• Work to be completed: Starting from the line in which "kelvo® BELLISSIMO KLV-101-0373" appears, set down each line exactly through the end of the listing, and nothing else. Leave out pictures.
*** Supplied information Section Begins ***
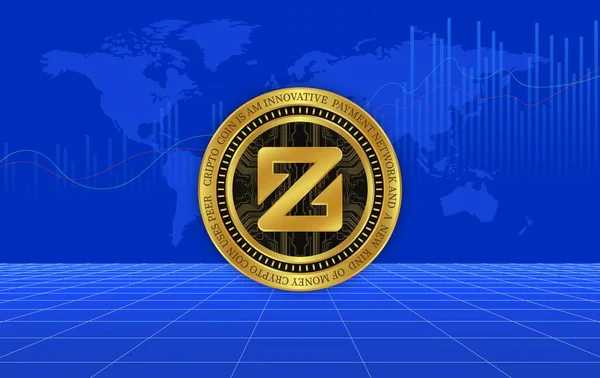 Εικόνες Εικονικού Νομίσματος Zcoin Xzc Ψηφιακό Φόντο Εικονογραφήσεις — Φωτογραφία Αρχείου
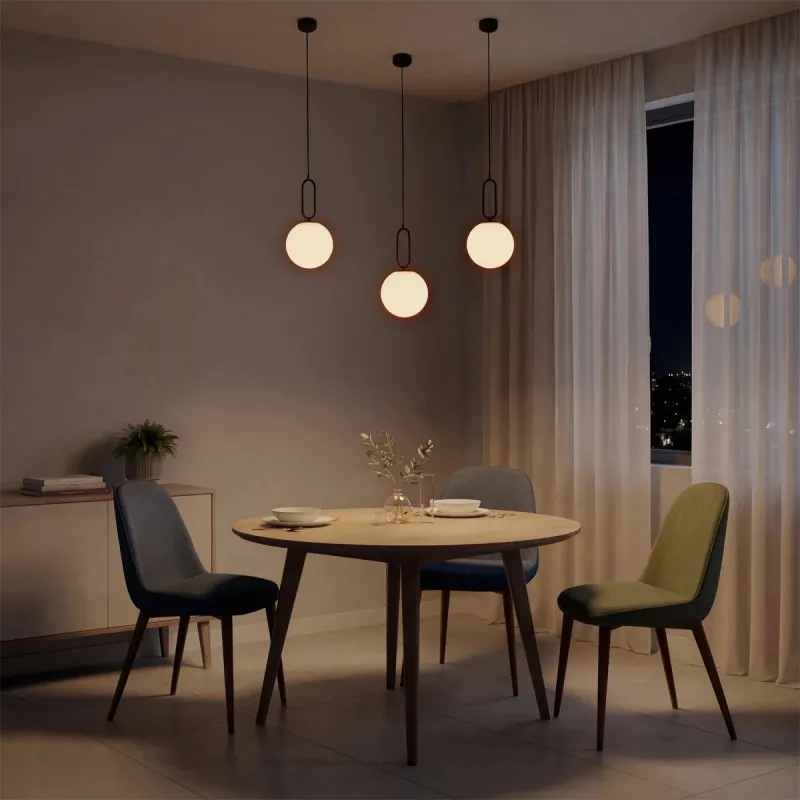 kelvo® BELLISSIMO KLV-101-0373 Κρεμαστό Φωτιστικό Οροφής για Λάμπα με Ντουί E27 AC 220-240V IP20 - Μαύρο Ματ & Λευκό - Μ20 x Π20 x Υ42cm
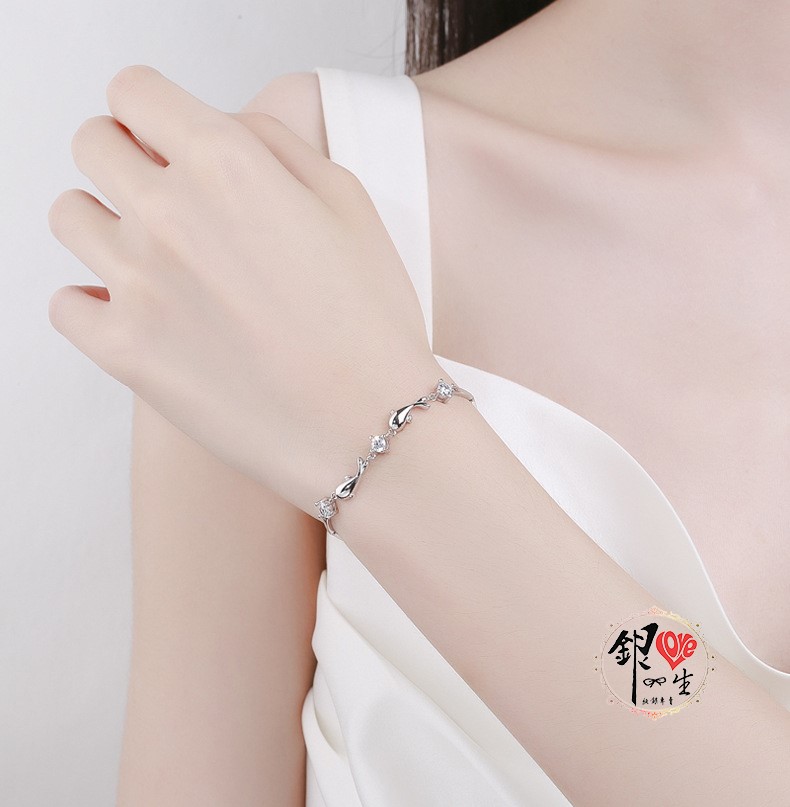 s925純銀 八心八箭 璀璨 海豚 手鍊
*** Supplied information Section Ends ***
• Exercise response:
 kelvo® BELLISSIMO KLV-101-0373 Κρεμαστό Φωτιστικό Οροφής για Λάμπα με Ντουί E27 AC 220-240V IP20 - Μαύρο Ματ & Λευκό - Μ20 x Π20 x Υ42cm
 s925純銀 八心八箭 璀璨 海豚 手鍊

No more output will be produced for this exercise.